I seriously admire the dedication required to do that by hand. Hope the family and friends appreciate the effort and love that goes into a handmade item like that.


----------



## AmishHeart (Jun 10, 2016)

Beautiful!
I have a number of quilts made by hand by relatives.
Mom's "pod" of stuff was delivered today and I about had a heart attack...a handmade quilt made bya cousin was taken out of the protective packing and used to cover furniture with.


----------



## tmttactical (Nov 23, 2015)

AmishHeart said:


> Beautiful!
> I have a number of quilts made by hand by relatives.
> Mom's "pod" of stuff was delivered today and I about had a heart attack...a handmade quilt made bya cousin was taken out of the protective packing and used to cover furniture with.


I hope it was not damaged. The problem with modern / younger folks, they don't know about or have ever heard of quilts. To these people, it is just another blanket.

They be tech smart and knowledge poor. JMHO


----------



## Grimm (Sep 5, 2012)

tmttactical said:


> I hope it was not damaged. The problem with modern / younger folks, they don't know about or have ever heard of quilts. To these people, it is just another blanket.
> 
> They be tech smart and knowledge poor. JMHO


K use to be of that mentality about the quilts my mom made me when we were first married. I had to show him how much work she puts into each before he understood and went out and bought a dozen Harbor Freight furnie pads.


----------



## DrPrepper (Apr 17, 2016)

That is a magnificent quilt!


----------



## Danil54 (May 8, 2017)

That is a gorgeous quilt! I know how much time and effort goes into making one of those. On our guest bed is one made by Great Mother, who was my hunny's grandma given to us by my MIL. I never got to meet the lady, but have heard so many stories & have been given such beautiful needlework that she did. Made one for my granddaughter when she was born & now that she has grown to a "real bed" her momma wants me to make another one.


----------



## Grimm (Sep 5, 2012)

My mom made Roo several baby quilts- some I provided the fabrics for and others she did from her vast stash. She even made the cover for my Moses basket that Roo only used for a short time before she grew out of it. Now Roo has 3 quilts my mom made for her and a few that she made for me when I was a child. 

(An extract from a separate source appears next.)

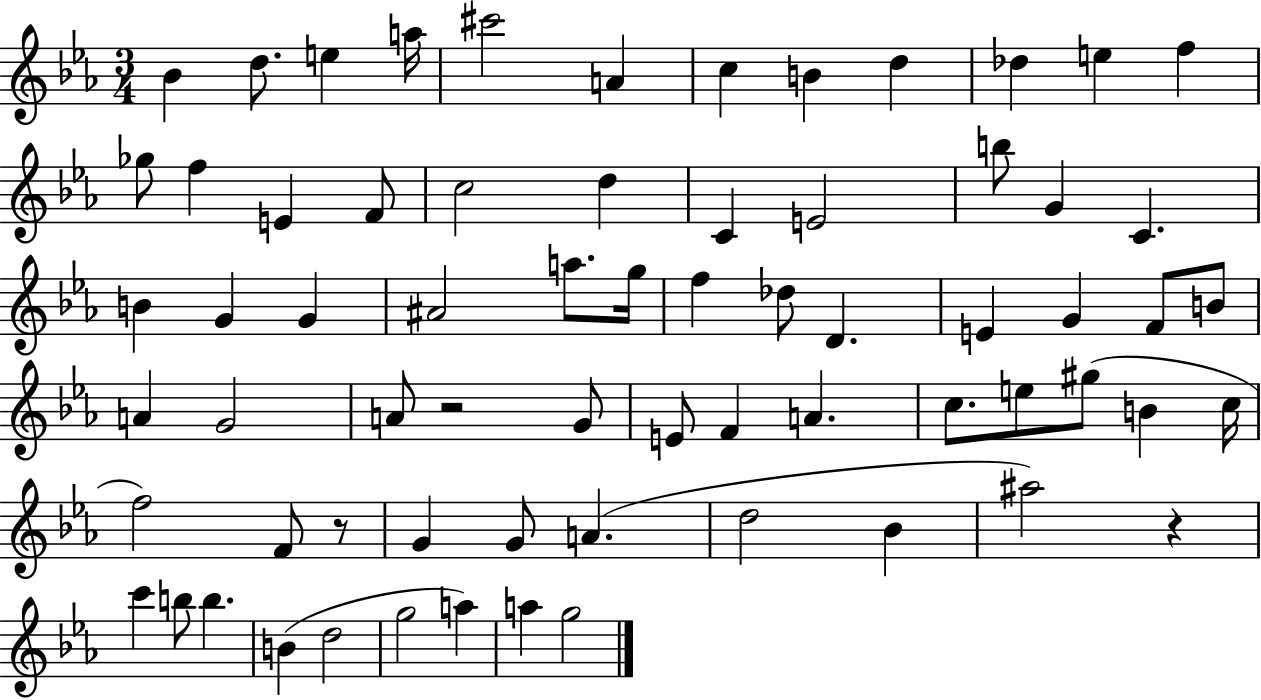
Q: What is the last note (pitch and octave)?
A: G5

She also made Juju Bee a cover for the Moses basket and some crib quilts we use. She is rushing to make a bunch of quilts for Juju for when she graduates to a 'big girl' bed so they are ready. Not to mention she has made a bunch of quilt tops that just need binding and backs.

I think her goal is to use up her fabric stash before she passes.


----------



## Grimm (Sep 5, 2012)

I should mention that I grew up thinking that quilts are the only type of blank/bed covering used. It wasn't til I moved out in my early 20s and got married did I realize that some people use duvets and store bought blankets.

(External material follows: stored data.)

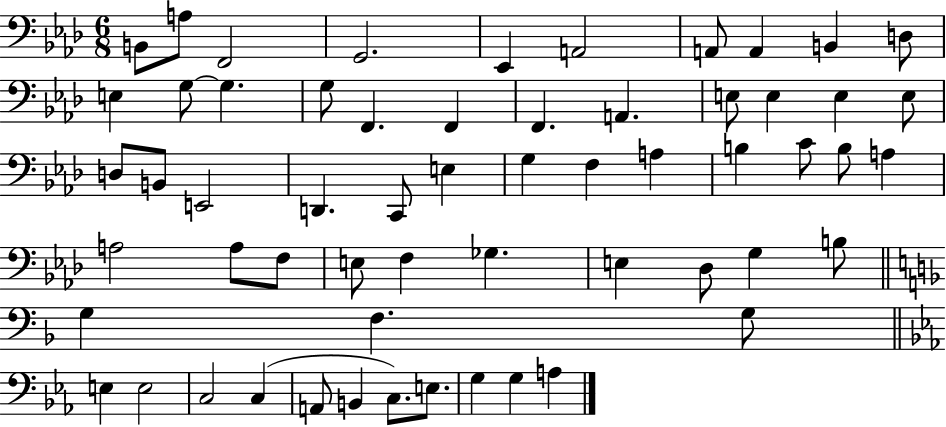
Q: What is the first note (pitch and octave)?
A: B2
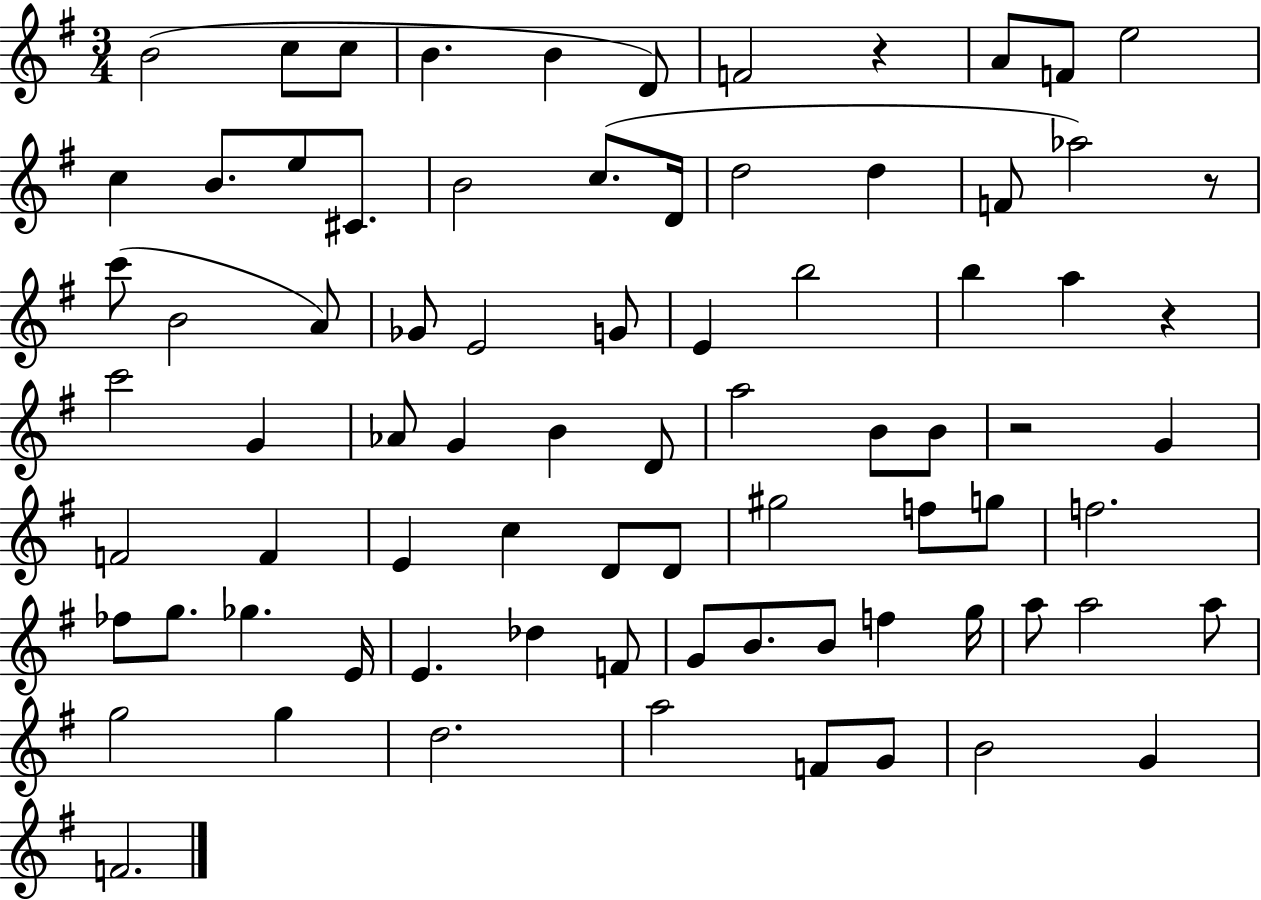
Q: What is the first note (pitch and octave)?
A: B4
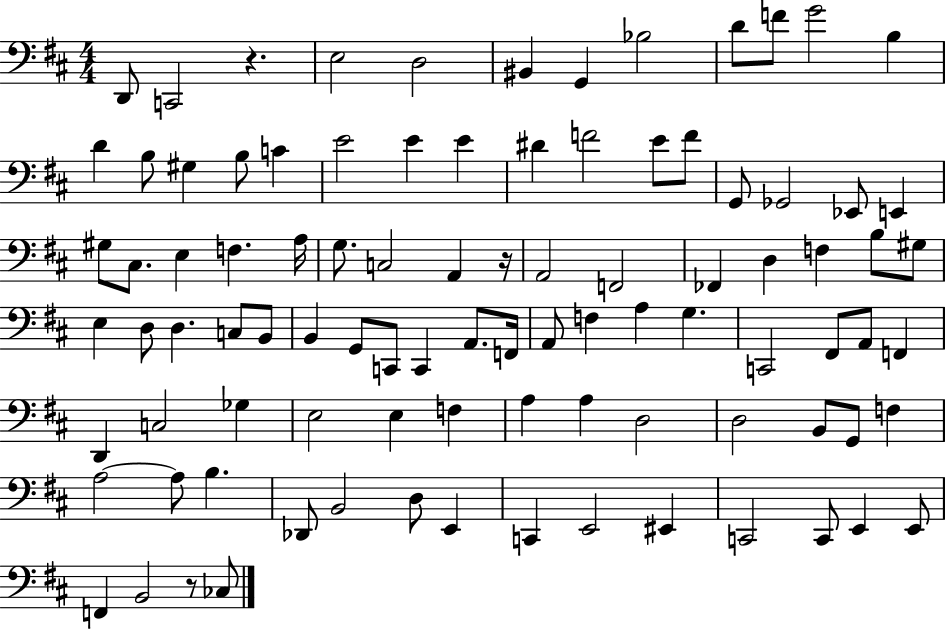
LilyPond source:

{
  \clef bass
  \numericTimeSignature
  \time 4/4
  \key d \major
  \repeat volta 2 { d,8 c,2 r4. | e2 d2 | bis,4 g,4 bes2 | d'8 f'8 g'2 b4 | \break d'4 b8 gis4 b8 c'4 | e'2 e'4 e'4 | dis'4 f'2 e'8 f'8 | g,8 ges,2 ees,8 e,4 | \break gis8 cis8. e4 f4. a16 | g8. c2 a,4 r16 | a,2 f,2 | fes,4 d4 f4 b8 gis8 | \break e4 d8 d4. c8 b,8 | b,4 g,8 c,8 c,4 a,8. f,16 | a,8 f4 a4 g4. | c,2 fis,8 a,8 f,4 | \break d,4 c2 ges4 | e2 e4 f4 | a4 a4 d2 | d2 b,8 g,8 f4 | \break a2~~ a8 b4. | des,8 b,2 d8 e,4 | c,4 e,2 eis,4 | c,2 c,8 e,4 e,8 | \break f,4 b,2 r8 ces8 | } \bar "|."
}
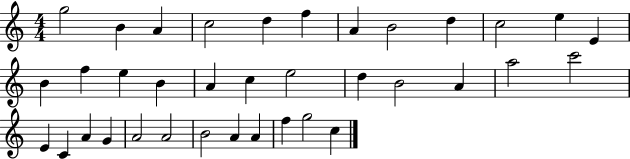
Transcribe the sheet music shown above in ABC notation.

X:1
T:Untitled
M:4/4
L:1/4
K:C
g2 B A c2 d f A B2 d c2 e E B f e B A c e2 d B2 A a2 c'2 E C A G A2 A2 B2 A A f g2 c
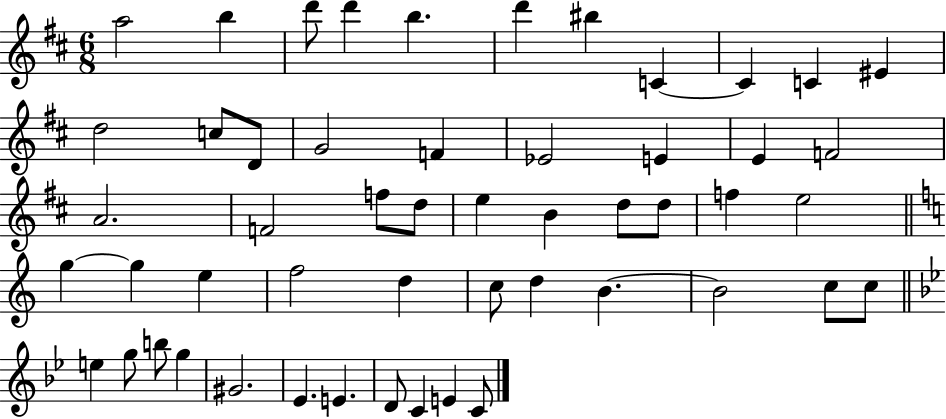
A5/h B5/q D6/e D6/q B5/q. D6/q BIS5/q C4/q C4/q C4/q EIS4/q D5/h C5/e D4/e G4/h F4/q Eb4/h E4/q E4/q F4/h A4/h. F4/h F5/e D5/e E5/q B4/q D5/e D5/e F5/q E5/h G5/q G5/q E5/q F5/h D5/q C5/e D5/q B4/q. B4/h C5/e C5/e E5/q G5/e B5/e G5/q G#4/h. Eb4/q. E4/q. D4/e C4/q E4/q C4/e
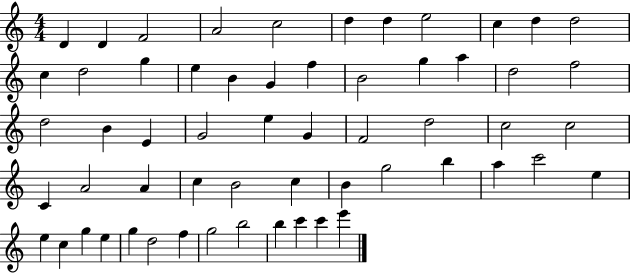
X:1
T:Untitled
M:4/4
L:1/4
K:C
D D F2 A2 c2 d d e2 c d d2 c d2 g e B G f B2 g a d2 f2 d2 B E G2 e G F2 d2 c2 c2 C A2 A c B2 c B g2 b a c'2 e e c g e g d2 f g2 b2 b c' c' e'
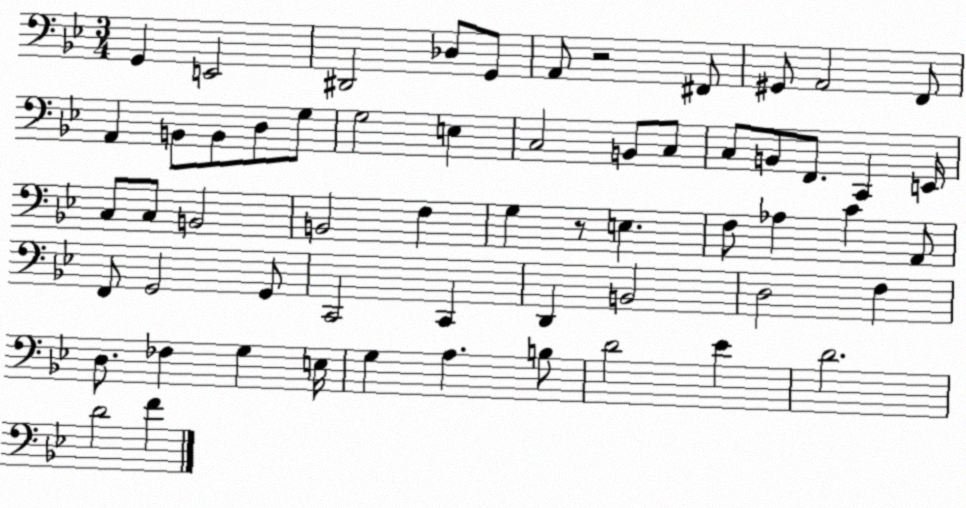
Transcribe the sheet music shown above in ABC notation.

X:1
T:Untitled
M:3/4
L:1/4
K:Bb
G,, E,,2 ^D,,2 _D,/2 G,,/2 A,,/2 z2 ^F,,/2 ^G,,/2 A,,2 F,,/2 A,, B,,/2 B,,/2 D,/2 G,/2 G,2 E, C,2 B,,/2 C,/2 C,/2 B,,/2 F,,/2 C,, E,,/4 C,/2 C,/2 B,,2 B,,2 F, G, z/2 E, F,/2 _A, C A,,/2 F,,/2 G,,2 G,,/2 C,,2 C,, D,, B,,2 D,2 F, D,/2 _F, G, E,/4 G, A, B,/2 D2 _E D2 D2 F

Also that when a quilt got worn my mom just recovered it rather than scrap it as a 'cutter'. I have a quilt she made me as a child with cats on it and it was a recovered quilt. The cat top is ripping from wear and you can see the old quilt underneath that has holes in it. I might have my mom make a new top and recover it one last time. I will say recovered quilts are thick and very warm!


----------



## phideaux (Nov 7, 2015)

Maybe we can post some pics of family quilts.

I know my wife will be the first to appreciate them

Ill try to get some pics of some she and her mom have made over the years.



Jim


----------



## Grimm (Sep 5, 2012)

phideaux said:


> Maybe we can post some pics of family quilts.
> 
> I know my wife will be the first to appreciate them
> 
> ...


I'll have to get a picture of Roo's storybook quilt my mom made her after her first Disneyland trip.


----------



## phideaux (Nov 7, 2015)

This is one my wife made , fairly quickly, for one of the grand daughters that was into "Peace" symbols..









Jim


----------



## phideaux (Nov 7, 2015)

This one , my wife just finished last week. Took her about a year.
Its called an Iris quilt.
It will be going to her brother for their 50th wedding anniversary.

















Jim


----------